Now, with orders to mobilize his crew for a night flight to Bounty, Wes was glad he had already flown on several coast guard search-and-rescue missions. None of them, however, involved flying into a hurricane.
Once at the airport, the crew began getting the aircraft ready, while Wes went to the Flight Planning Room for one last conversation with SAR officers and his command at Elizabeth City. His final instructions were to proceed, but to stay away from the worst part of the storm, and to try to communicate with Bounty without putting the plane and his crew in extreme danger. It was up to Wes to determine just how far into the storm he could fly before the hurricane winds overwhelmed both aircraft and crew.

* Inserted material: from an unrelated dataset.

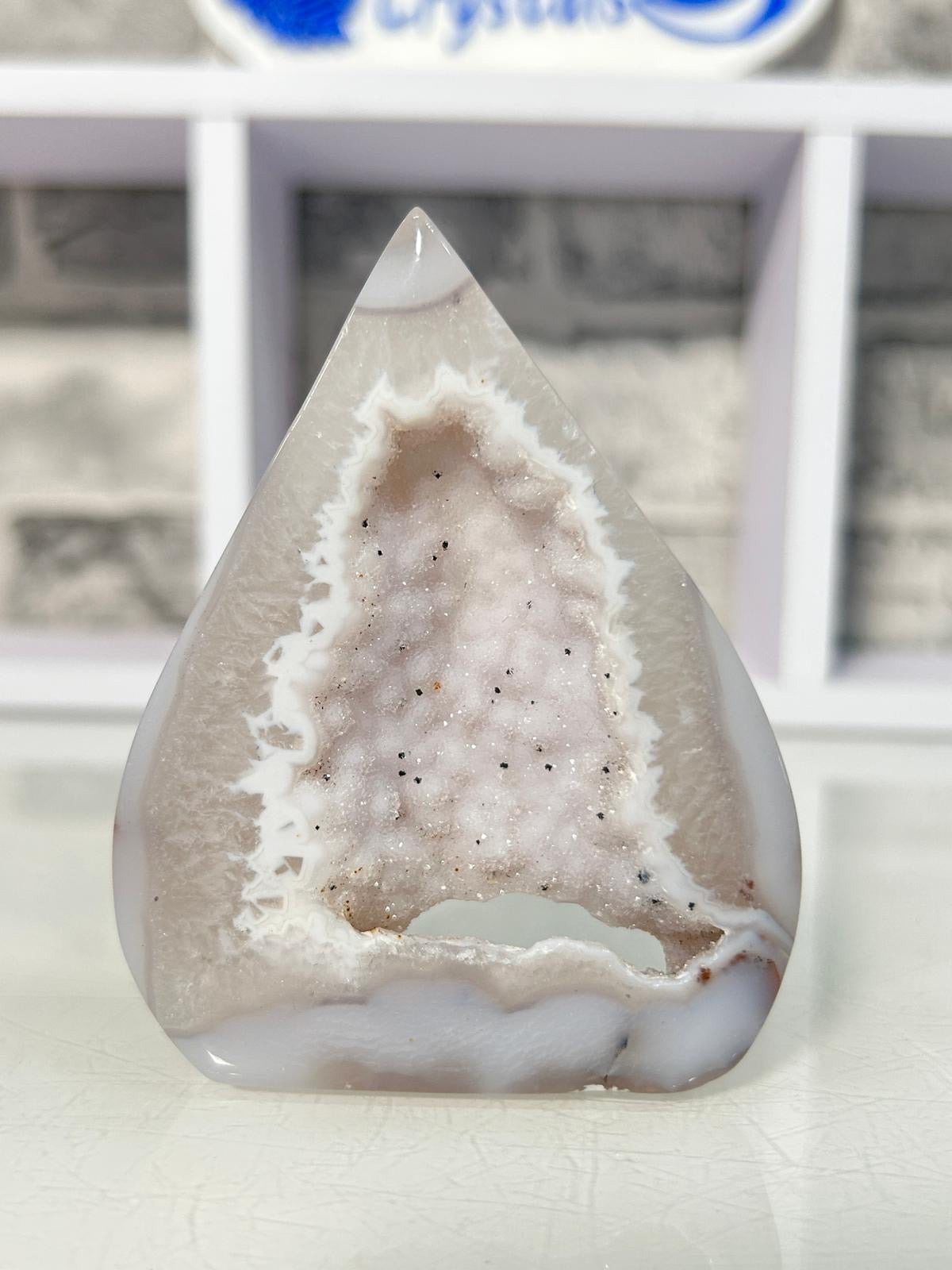 Agate with Druzy Quartz Teardrop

Fortunately for the crew of the aircraft and of Bounty, the Lockheed C-130J Super Hercules is one tough aircraft. The C-130J was a newer version of the C-130, but most aviation professionals referred to it as the C-130. First manufactured over fifty years ago, the four-engine turboprop was originally designed and used as a transport. With a wingspan of 132 feet, a length of 97 feet, and a weight of seventy-six thousand pounds, the C-130 looks almost too large to fly in extreme weather. But the coast guard has found the aircraft to be extremely durable and reliable, and the C-130 has became the primary fixed-winged aircraft used for search and rescue, as well as reconnaissance and patrol.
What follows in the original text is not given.